All of these activities will create foundations which Google can control, and which will support the continuous expansion of its plat-form, the element of all this which actually delivers revenues via services, applications, content and advertising.
Nope. It will not. In order to do these, it will leverage its "significant market power" (as defined in Eu competition law) in other areas. Trying to do this is a nearly automatic 10% of Google's worldwide turnover into the Greece rescue benevolent fund combined with regulatory intervention.
This is an essential difference between USA and Eu law:
1. Eu does not require a monopoly to intervene, having a sufficient market share to bend the market conditions is sufficient intervention grounds. Google has that in services, mobile OS, search and advertising - every single area mentioned in this write up.
2. Trying to leverage an area where you have a significant market power to "invade" another one is an automatic intervention. It may not happen today, it may not happen tomorrow, but it is guaranteed to happen and may be backdated by more than a decade for fine purposes if need be.
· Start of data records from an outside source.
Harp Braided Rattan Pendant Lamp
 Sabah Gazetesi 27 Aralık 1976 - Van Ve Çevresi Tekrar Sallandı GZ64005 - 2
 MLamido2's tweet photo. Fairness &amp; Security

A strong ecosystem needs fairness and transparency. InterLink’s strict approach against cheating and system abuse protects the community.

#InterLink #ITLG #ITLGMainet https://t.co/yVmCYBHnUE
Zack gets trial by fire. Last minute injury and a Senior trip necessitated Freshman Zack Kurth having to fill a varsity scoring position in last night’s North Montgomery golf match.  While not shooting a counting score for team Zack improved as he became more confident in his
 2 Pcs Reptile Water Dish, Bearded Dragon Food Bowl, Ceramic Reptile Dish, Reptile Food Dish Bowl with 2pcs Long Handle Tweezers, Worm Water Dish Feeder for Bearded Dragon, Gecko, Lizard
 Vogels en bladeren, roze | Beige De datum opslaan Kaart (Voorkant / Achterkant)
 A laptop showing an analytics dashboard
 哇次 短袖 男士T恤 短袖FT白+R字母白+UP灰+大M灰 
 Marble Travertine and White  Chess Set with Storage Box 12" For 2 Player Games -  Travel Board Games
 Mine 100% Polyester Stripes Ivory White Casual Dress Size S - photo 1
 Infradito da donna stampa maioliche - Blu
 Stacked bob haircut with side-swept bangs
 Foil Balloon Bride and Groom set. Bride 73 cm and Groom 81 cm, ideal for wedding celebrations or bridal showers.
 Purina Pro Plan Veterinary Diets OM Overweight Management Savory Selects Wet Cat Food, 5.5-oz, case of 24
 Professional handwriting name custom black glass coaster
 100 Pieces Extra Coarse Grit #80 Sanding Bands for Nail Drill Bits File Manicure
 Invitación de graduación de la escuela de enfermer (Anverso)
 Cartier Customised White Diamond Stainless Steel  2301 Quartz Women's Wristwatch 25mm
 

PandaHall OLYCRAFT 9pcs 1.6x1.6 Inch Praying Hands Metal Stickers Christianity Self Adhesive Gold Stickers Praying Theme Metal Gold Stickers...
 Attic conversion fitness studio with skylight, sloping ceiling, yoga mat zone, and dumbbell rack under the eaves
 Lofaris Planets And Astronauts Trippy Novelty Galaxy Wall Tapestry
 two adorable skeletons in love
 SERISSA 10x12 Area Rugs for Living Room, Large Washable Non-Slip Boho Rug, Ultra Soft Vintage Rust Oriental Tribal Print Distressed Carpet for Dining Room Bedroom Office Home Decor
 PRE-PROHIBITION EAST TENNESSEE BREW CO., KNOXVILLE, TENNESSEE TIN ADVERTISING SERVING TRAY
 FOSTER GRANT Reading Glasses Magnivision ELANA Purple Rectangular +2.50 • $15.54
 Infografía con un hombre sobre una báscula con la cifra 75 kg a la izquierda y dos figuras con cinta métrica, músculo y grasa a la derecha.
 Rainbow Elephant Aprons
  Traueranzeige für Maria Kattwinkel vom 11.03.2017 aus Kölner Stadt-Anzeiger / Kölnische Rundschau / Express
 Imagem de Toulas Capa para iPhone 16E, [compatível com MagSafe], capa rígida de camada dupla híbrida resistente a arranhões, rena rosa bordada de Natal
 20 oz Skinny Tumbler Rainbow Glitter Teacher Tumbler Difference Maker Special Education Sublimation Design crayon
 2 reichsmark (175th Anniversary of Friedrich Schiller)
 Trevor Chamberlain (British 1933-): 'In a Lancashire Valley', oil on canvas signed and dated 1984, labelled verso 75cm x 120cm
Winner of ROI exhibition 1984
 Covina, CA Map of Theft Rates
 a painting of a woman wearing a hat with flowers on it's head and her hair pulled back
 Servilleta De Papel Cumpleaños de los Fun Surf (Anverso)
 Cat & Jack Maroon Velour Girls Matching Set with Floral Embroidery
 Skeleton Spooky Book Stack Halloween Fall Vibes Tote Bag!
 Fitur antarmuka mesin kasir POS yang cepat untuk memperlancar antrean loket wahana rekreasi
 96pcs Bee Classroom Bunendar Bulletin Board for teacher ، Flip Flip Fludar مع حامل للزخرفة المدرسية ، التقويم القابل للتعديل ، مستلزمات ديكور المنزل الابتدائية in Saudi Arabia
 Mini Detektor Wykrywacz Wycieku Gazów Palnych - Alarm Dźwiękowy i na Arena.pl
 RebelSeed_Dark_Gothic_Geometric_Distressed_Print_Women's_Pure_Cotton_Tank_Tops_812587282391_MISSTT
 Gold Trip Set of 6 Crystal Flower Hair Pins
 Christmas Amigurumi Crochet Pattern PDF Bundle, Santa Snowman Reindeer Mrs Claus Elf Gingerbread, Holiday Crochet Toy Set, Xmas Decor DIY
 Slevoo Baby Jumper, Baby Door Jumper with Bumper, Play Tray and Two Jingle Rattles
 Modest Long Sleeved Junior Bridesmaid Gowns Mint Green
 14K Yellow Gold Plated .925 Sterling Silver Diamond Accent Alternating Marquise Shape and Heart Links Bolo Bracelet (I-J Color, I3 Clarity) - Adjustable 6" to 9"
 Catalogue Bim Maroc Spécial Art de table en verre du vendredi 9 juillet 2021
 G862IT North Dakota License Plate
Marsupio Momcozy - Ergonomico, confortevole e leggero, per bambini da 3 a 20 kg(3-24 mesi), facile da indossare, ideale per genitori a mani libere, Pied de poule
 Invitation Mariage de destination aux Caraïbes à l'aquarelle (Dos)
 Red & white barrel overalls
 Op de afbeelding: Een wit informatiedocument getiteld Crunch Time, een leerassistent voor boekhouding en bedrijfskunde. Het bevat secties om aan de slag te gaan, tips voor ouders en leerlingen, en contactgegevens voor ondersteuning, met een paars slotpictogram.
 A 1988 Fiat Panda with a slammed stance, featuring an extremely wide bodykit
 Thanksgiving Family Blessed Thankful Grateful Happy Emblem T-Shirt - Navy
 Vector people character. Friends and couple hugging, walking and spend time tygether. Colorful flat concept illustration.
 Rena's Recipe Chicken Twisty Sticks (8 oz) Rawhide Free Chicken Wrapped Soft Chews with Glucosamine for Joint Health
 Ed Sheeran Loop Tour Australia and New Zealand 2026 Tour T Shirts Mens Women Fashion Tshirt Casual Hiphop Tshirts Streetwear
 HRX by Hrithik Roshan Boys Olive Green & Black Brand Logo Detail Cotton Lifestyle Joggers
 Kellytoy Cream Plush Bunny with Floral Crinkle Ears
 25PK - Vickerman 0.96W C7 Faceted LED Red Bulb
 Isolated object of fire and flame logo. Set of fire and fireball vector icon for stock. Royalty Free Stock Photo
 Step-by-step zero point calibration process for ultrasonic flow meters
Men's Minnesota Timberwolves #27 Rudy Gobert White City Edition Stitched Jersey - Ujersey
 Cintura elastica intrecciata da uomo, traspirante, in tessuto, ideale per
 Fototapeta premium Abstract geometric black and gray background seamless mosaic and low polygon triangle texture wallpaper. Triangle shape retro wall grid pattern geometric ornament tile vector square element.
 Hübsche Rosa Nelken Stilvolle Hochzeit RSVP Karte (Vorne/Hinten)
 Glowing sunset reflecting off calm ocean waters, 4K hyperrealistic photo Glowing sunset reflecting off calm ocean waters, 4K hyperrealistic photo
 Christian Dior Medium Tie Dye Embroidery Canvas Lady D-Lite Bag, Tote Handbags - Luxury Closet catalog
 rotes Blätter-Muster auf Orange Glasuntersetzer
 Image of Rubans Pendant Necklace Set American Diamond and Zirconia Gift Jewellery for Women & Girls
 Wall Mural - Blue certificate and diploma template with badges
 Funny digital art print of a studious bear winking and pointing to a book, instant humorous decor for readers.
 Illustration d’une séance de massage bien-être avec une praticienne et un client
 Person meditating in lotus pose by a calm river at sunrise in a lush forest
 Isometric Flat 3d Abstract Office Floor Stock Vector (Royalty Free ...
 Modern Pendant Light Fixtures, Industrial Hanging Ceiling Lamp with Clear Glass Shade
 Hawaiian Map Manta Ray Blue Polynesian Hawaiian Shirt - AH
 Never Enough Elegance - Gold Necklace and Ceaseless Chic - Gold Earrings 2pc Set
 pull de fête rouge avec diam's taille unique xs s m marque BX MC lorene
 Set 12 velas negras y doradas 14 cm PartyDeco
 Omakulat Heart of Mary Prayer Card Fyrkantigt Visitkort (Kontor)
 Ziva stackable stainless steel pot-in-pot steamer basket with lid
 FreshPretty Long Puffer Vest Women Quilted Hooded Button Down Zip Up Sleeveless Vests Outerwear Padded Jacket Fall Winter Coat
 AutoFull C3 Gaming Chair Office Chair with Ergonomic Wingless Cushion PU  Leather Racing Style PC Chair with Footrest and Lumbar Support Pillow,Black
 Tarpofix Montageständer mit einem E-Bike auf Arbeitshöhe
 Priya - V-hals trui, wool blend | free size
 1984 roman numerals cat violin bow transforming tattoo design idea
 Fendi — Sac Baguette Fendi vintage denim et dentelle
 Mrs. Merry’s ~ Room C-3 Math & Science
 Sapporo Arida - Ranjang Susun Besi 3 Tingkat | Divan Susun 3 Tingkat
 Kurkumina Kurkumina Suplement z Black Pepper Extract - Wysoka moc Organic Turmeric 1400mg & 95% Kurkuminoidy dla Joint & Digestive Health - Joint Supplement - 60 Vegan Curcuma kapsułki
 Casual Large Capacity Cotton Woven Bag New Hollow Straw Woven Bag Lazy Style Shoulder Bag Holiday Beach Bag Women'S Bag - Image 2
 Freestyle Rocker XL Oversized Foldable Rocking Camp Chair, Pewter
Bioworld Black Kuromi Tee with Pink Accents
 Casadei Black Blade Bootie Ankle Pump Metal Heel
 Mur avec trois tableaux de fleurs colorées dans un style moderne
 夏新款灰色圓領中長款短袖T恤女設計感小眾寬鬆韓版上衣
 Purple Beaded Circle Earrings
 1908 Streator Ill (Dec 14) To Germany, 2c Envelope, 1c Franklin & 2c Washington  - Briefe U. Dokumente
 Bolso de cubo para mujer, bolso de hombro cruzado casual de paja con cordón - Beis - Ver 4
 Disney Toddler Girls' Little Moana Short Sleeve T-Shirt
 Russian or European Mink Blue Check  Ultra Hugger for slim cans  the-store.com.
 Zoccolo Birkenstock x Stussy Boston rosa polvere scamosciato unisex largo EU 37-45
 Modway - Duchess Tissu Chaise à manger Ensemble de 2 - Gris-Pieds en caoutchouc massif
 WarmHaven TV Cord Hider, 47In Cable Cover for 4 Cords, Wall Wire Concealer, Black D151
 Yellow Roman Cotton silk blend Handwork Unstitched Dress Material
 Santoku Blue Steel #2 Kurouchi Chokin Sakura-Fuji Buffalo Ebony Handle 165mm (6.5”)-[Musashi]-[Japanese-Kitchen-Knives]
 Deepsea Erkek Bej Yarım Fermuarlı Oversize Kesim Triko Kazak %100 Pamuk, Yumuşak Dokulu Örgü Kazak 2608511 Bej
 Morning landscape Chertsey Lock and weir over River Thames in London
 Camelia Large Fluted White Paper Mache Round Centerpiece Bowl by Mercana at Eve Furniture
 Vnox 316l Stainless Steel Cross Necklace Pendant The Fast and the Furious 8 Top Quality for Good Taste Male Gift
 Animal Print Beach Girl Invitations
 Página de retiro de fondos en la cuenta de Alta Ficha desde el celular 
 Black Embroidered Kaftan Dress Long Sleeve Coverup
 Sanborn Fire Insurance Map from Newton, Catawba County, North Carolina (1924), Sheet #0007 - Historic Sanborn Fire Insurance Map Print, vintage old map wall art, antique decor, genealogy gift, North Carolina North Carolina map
So yeah, sure, Google can try to strong arm its way into _ANY_ area it likes using existing assets. It is guaranteed to get whacked. Even the astronomical amount of money it has used to sponsor TTIP and friends will not help it here, because it is an _EXISTING_ legislation - so TTIP arbitrage rules do not apply.
It is one of the interesting aspects of Eu market - a player which has reached the "significant market power" criteria in one market is actually disadvantaged in entering new markets or expanding in markets where it is not in a pole position as it cannot leverage most of its existing assets. Compared to that a minor player can cross-bundle and leverage as much as they like - until they reach the "power" criteria in one of them.